La difficulté de se trouver un logis
En général, le parcours d’une personne logée au RHCM se fait sur une période maximum de cinq ans. Lors d’un déménagement vers un logement autonome, l’accompagnement est maintenu dans le but de s’assurer que les compétences acquises ne sont pas perdues par le changement de milieu. « Ici, on se donne cinq ans pour développer les compétences et amener la personne vers le logement permanent, dit Michaël en expliquant le parcours. Ensuite nous essayons de placer les gens à l’Office municipal d’habitation, pour qu’ils puissent avoir accès à un loyer subventionné. »
La question de l’accès à un logement que la personne peut se permettre financièrement est bien complexe. Michaël Tilman : « Historiquement, 50% des gens qui quittent nos logements vont quitter de façon autonome, ils vont quitter pour un autre logement et vont réussir à y rester. Il y a de la réussite. Maintenant, ce qui est difficile, c’est de trouver un logement à Trois-Rivières. Avec un taux d’inoccupation de 1 %, on parle de statistiques de crise du logement. »
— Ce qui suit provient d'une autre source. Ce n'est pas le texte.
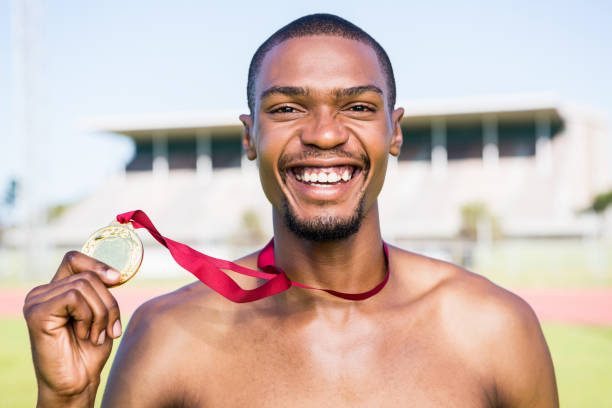 istock Athlete holding gold medal after victory 661254752
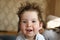 Portrait of a cheerful child with tousled hair. child 1-2 years old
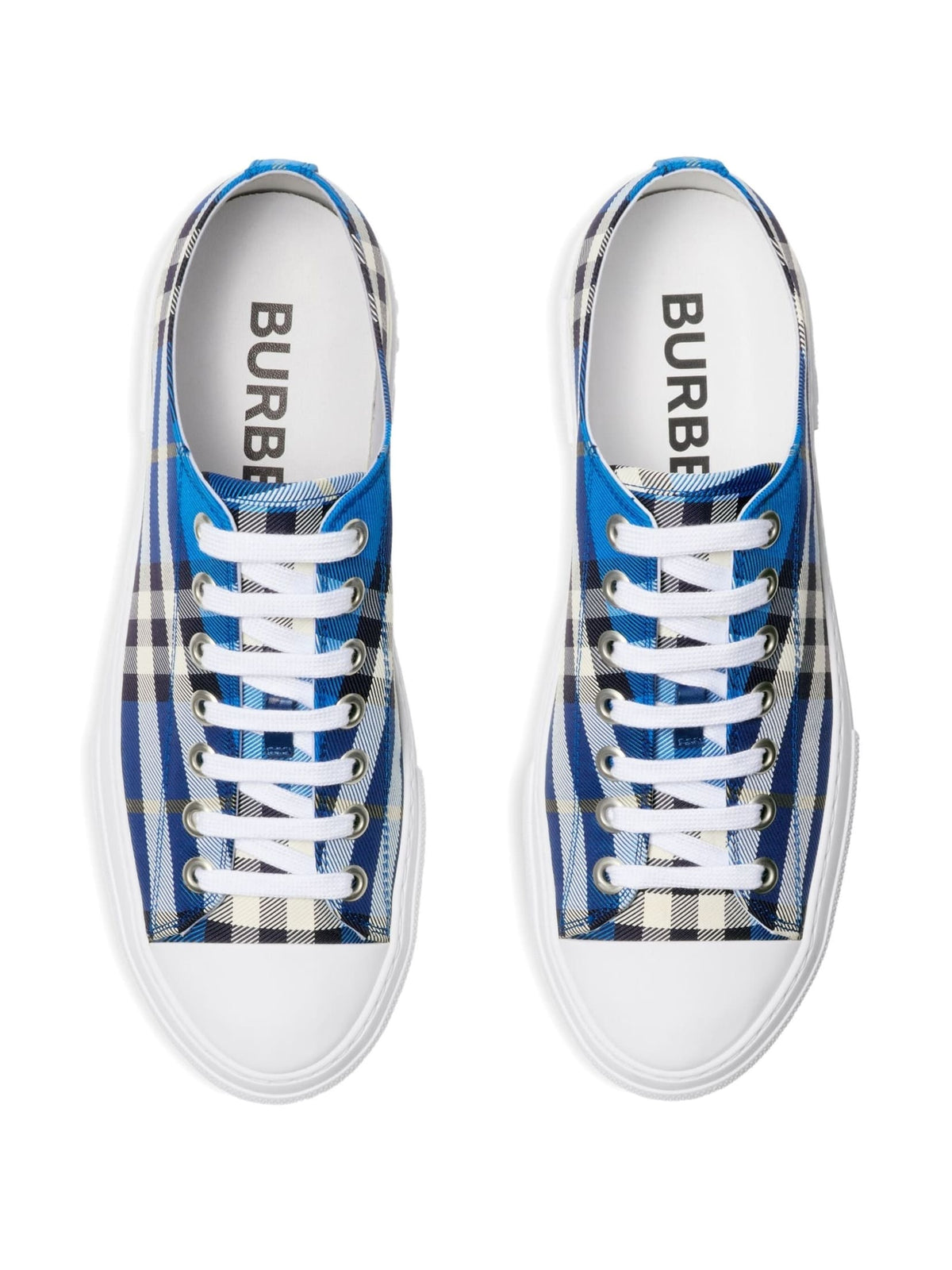 A pair of Burberry low-top sneakers shown from a top-down view. The shoes feature a blue, white, and black plaid pattern on the canvas uppers, white laces, and white rubber soles.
« Oui, à la fin de notre parcours, poursuit-il, les gens vont être stabilisés au niveau de leur consommation, au niveau de leur santé mentale, mais leur capacité à gagner assez d’argent pour se payer un loyer de 700 ou 800 dollars par mois n’est pas là. La capacité de trouver les logements abordables et salubres, avec un propriétaire qui va accepter, est de plus en plus difficile. » Il existe bien une subvention, le Programme de supplément au loyer (PSL), qui peut aider le locataire à se trouver un logement sur le marché locatif privé conventionnel. Son bénéficiaire paie alors 25 % de son revenu, quel qu’il soit, au propriétaire, et le programme paie la différence. « Mais il y a de la résistance chez les propriétaires… Présentement, les propriétaires privés à qui on demande “Est-ce que tu veux ce locataire-là et je pourrais avoir un PSL, t’accompagner dans les démarches qui vont soutenir le prix ?” Souvent c’est non, parce dans la période actuelle, les proprios n’ont pas de problème à louer leurs logements au plein prix à une clientèle très stabilisée. Quand on parle d’une clientèle identifiée “à risque de problèmes”, le PSL ne facilite plus l’accès au logement privé. »
Un organisme solide
Il y a huit employé·es au RHCM, entre l’administration et les intervenant·es. « Nos gens ont des études en travail social, en éducation spécialisée, et ont une expérience très pertinente auprès de la clientèle en itinérance ou en santé mentale. La facilité de contact auprès d’une clientèle souvent réfractaire à l’aide, avec qui c’est difficile de créer une relation de confiance, est souvent plus importante que la formation théorique ».
Tout un réseau de soutien s’est créé avec l’environnement communautaire et institutionnel : la Ville de Trois-Rivières, le CIUSS de la Mauricie, Emploi-Québec, etc. « Des chèques d’urgence peuvent être émis le vendredi ou à la sortie de prison, il y a de l’entraide de tous les organismes du milieu, aide alimentaire, aide à l’emploi, retour à l’école, il y a de très belles collaborations et on arrive à faire de belles choses pour les locataires. »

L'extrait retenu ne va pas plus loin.